While I was impatient to leave Nijel’s Point and see the rest of Desolace, I first tried to get some information about the centaurs. Whatever the claims of the Horde and Alliance, Desolace is still the land of the centaur clans, and they are a brutish and cruel bunch. A Sentinel named Kyreesha Whisperbrook informed me of what to expect.

“Walk through these lands with caution. The Kolkar Clan makes their home in the east, and attack everyone they see. They are the only clan that actively pursues war against the Horde, but this does not mean they bear any love for the Alliance. In the west is the Maraudine Clan, who are also hostile. Then in the south are the Gelkis and Magram Clans... currently we have a treaty with the Gelkis, but there’s no way to tell how long it will last.”

“When was this treaty made?”

“Five months ago. The Magram Clan now stands alongside the Horde,” she sighed, casting a contemptuous glance to the south.

“Why are the Horde and Alliance even involved in this struggle?”

“The humans wished to unite the centaurs under a single banner, so that they would have a loyal puppet kingdom in Kalimdor.
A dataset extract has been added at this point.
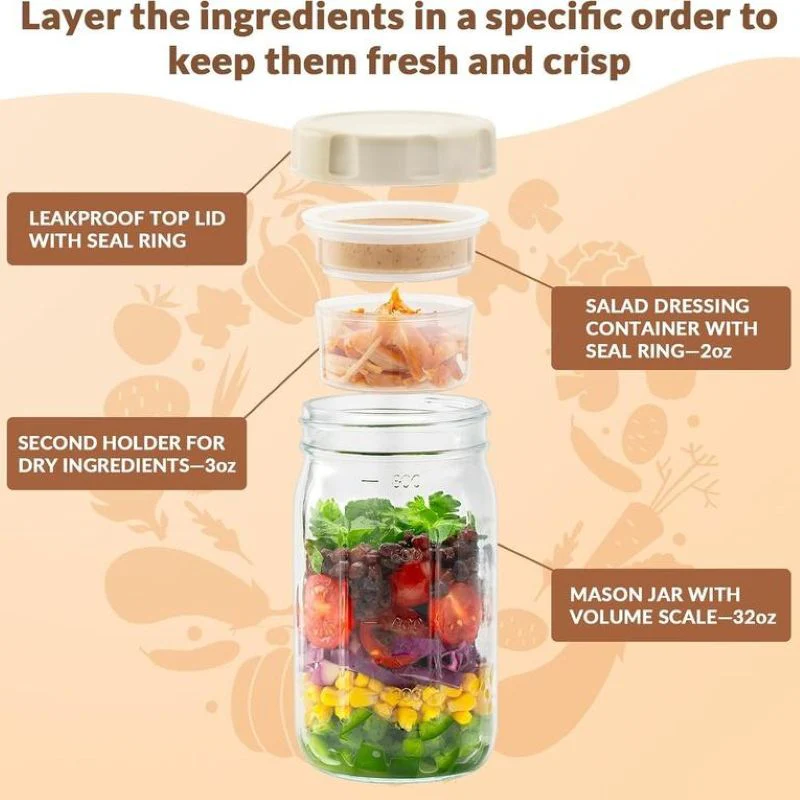Sakerplus® Salad Dressing Container Glass Jars - Image 2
The Horde feared this, so they sided with the Magram soon after our overture to the Gelkis.”

“I was told that the Magram have necromancers.”

“They do. Fighting the Magram brought the Scarlet Crusade to our side.”
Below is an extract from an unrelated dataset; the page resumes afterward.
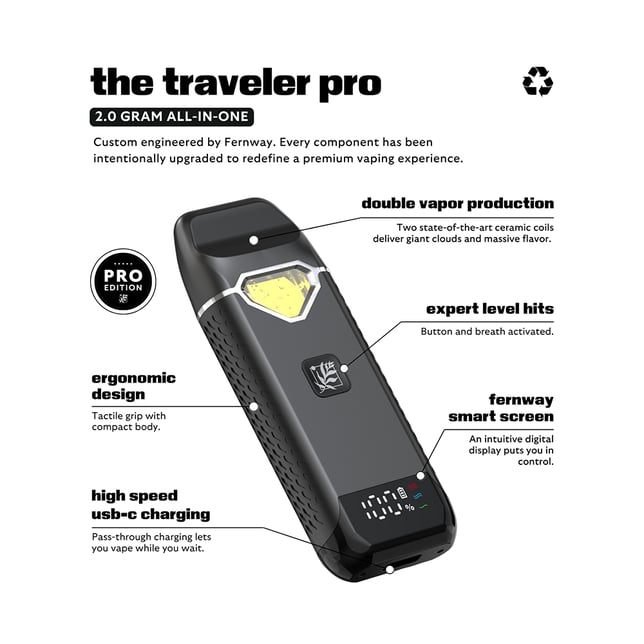 Stonefruit [2000mg] - Image 2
“I never thought that the centaurs would ally with the Horde. Their hatred for the tauren is legendary.”

“It is not as strong as the hatred between the Magram and Gelkis. Now the two clans make bloody raids, led or advised by adventurers of the Horde and Alliance. I shall tell you truthfully that it is a stalemate, and both factions are too concerned with the demon cultists to pay the centaurs much mind. It is for the best; the centaurs can only corrupt us by association. The Gelkis Clan follows earth elementals, so they are not much better than the Magram. We will just let them kill each other. The destruction of that misbegotten race will be for the betterment of the world.”
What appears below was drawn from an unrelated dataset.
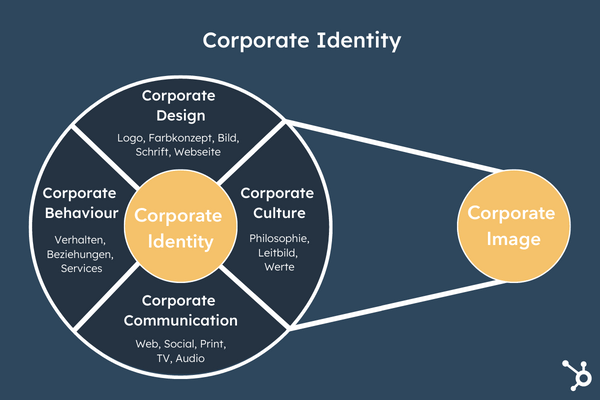 Grafik Corporate Identity Bestandteile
I woke with the dawn the next day and walked into the cemetery of Kalimdor. Words cannot adequately describe Desolace’s oppressive gloom. The gray wastelands stretch in every direction beneath the sickly sky. The monotony is broken only by the odd boulder, or the clutches of petrified trees that reach out from the desiccated ground like skeletal hands.

The topography of the land gradually sinks into a vast basin, as if to help the dying kodo herds reach their last resting place. A suffocating silence reigns in these lands, as if the wind fears disturbing the stagnant air. Dry river beds scar the earth, the basins colored a sickly ochre in contrast to the ashen rock. The gulches quickly fill with flood waters during the rare winter rainstorms; it is only through these storms that life in central Desolace is possible.

Travelers may be surprised by the pools of water scattered across the sere landscape. But the total absence of vegetation around these false oases should serve as a warning. Sitting water in Desolace is quickly contaminated by chemicals that seep up from the ground, turning it into a poisonous mix that calcifies the insides of those who drink from it. I spotted the remains of small animal at the edge of one water hole, its corpse turned completely to stone.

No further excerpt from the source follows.